Direct imaging of a Brown Dwarf orbiting the Red Dwarf star 1RXS J235133.3+312720

M Class stars, or Red Dwarfs, are the most abundant stars in the Galaxy, and presumably the Universe. They are small (7.5-60% of the mass of the Sun) and cool (2300-3800 K, compared to 5778 K for our Sun), but can be very long-lived, as they burn their fuel slowly. Since they are the most abundant stars, it is also likely that the majority of planets in the Galaxy orbit Red Dwarfs, making them interesting to scientists studying planets in other stellar systems. It has been demonstrated that smaller stars are less likely to host Hot-Jupiter type planets, but apart from this there do not seem to be any less objects in any other categories orbiting these stars.

In theory a large object orbiting a small (and therefore dim) star at a distance should be detectable by direct imaging; this is in contrast to other planet detection methods, which favor the detection of objects close to their host stars. The Planets Around Low-Mass Stars (PALMS) survey aims to detect such planets using direct observation from Earth-based observatories. In a paper published in the arXiv online database at Cornell University Library on 9 May 2012, and accepted for publication in The Astrophysics Journal, a team of scientist led by Brendan Bowler of the Institute for Astronomy at the University of Hawai‘i describe the discovery of  the first object by the PALMS survey, a Brown Dwarf (an object too small to be a star but too large to be considered a planet) orbiting the Red Dwarf 1RXS J235133.3+312720, directly imaged from the Keck-II Telescope.
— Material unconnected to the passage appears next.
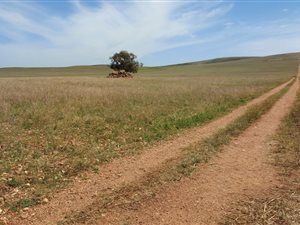 449.8 ha Farm in Bredasdorp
1RXS J2355133.3+312720 and its companion. The star is behind a translucent coronagraph. Bowler et al. (2012).

1RXS J235133.3+312720 is about 160 light years from Earth; it has about 45% of the Sun's mass, and an effective surface temperature of about 3520 K. It is thought to be a fairly young object by stellar standards, probably less than 150 million years old, and certainly no more than 500 million years old. The Brown Dwarf obits it at a a distance of 119 AU, and has a mass equivalent to 32 times that of Jupiter. While this is considerably too large to be considered a planet, it does prove that the PALMS survey methodology works in principle.